As the countdown to the event begins, ESG-conscious investors will be looking for:
- Science-based targets – Investors want to see targets that cover the entire value chain, are aligned with the latest climate science and aimed at a 1.5-degree pathway. Companies in the food system should commit to science-based targets to show investors they’re serious about climate risk.
- Better data from food companies – We need to encourage, through mandatory and standardised reporting, if necessary, better ESG disclosure from food companies. Investors need gold-standard data on how companies are de-risking their operations and are responding to challenges around climate, biosecurity, working conditions and antibiotics resistance.
- Supportive policy for alternative proteins– Protein diversification in global diets is essential to reach Net Zero and public policies need to encourage this trend. For example, plant-based meat production causes 30-90% less greenhouse gas emissions, uses 72-99% less water, and results in 51-91% less nutrient pollution in aquatic systems.
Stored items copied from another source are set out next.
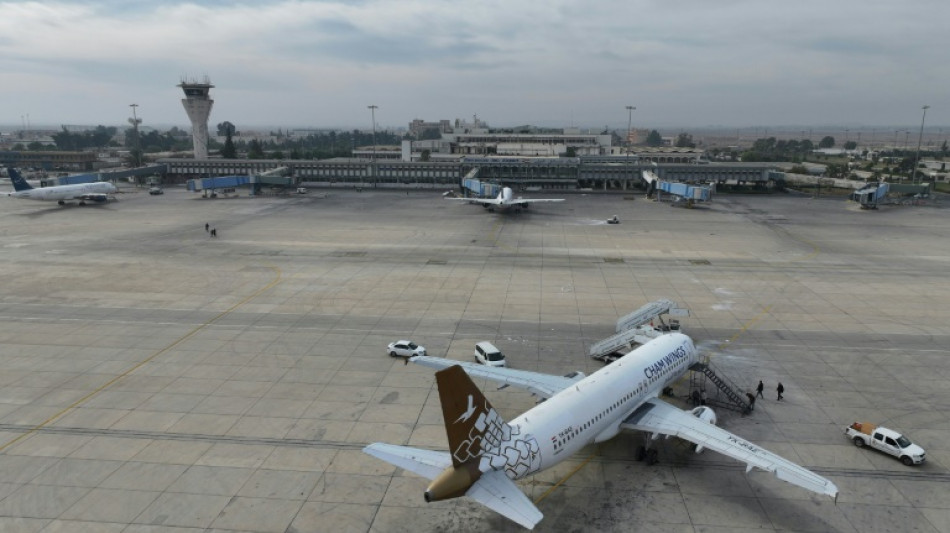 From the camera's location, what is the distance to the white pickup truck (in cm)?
2983

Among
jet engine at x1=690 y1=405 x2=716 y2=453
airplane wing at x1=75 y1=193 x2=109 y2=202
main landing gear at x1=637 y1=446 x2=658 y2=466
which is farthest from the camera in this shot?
airplane wing at x1=75 y1=193 x2=109 y2=202

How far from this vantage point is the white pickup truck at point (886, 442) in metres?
29.8

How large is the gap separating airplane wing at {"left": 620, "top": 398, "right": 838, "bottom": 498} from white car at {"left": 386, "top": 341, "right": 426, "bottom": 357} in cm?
1753

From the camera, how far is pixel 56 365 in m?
41.9

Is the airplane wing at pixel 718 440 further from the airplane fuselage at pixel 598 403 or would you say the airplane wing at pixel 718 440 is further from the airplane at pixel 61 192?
the airplane at pixel 61 192

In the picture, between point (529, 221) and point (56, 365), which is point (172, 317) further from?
point (529, 221)

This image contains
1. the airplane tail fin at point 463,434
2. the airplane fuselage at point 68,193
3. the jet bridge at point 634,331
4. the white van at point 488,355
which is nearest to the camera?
the airplane tail fin at point 463,434

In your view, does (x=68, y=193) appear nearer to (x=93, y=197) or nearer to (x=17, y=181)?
(x=93, y=197)

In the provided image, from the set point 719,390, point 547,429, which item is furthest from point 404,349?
A: point 719,390

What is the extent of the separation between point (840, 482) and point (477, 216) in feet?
297

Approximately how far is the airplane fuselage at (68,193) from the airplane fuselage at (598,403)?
440 ft

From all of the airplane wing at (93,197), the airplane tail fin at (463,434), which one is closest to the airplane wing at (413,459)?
the airplane tail fin at (463,434)

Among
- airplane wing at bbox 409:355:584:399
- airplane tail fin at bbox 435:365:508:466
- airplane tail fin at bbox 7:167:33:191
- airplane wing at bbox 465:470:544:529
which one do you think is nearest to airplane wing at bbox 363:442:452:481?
airplane tail fin at bbox 435:365:508:466

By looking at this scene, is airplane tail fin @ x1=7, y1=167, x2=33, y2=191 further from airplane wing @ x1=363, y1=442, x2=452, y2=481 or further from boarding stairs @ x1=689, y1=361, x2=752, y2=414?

The UK government’s recent National Food Strategy recommends that the Government increases plant-based food consumption by 2030 which is encouraging, but the market will be catalysed by more national investment in research and development and more incentives for protein diversification at scale.
- Biodiversity and protection of nature– Current processes to meet the demand for animal protein are responsible for record levels of deforestation and biodiversity loss. The Dasgupta Review outlined that our future prosperity is reliant on both the protection and restoration of our natural ecosystems. One big step forward would be to establish clear pathways to deforestation-free supply chains for meat and dairy companies. The finance-related discussions around the summit have highlighted the important role of finance ministries in repurposing agricultural subsidies to support climate and nature goals. This is also a topic that FAIRR investors have engaged on previously, with calls for the EU to better align its subsidies with climate and biodiversity protection.
The science is clear – and so is the market appetite for investing in sustainable food. UNFSS Finance Lever of Change will be announcing its ‘Eight Food Finance Imperatives’ in the coming days, and we look forward to working with our partners at the World Bank, the Good Food Finance Network, and others to implement practical solutions to transform the global food system. Building solutions will require international cooperation and debate, as well as the efforts of both the public and private sectors. The environmental implications of our current food system will be felt for generations to come – so it is this generation’s single greatest challenge to seize this once-in-a-lifetime opportunity for change.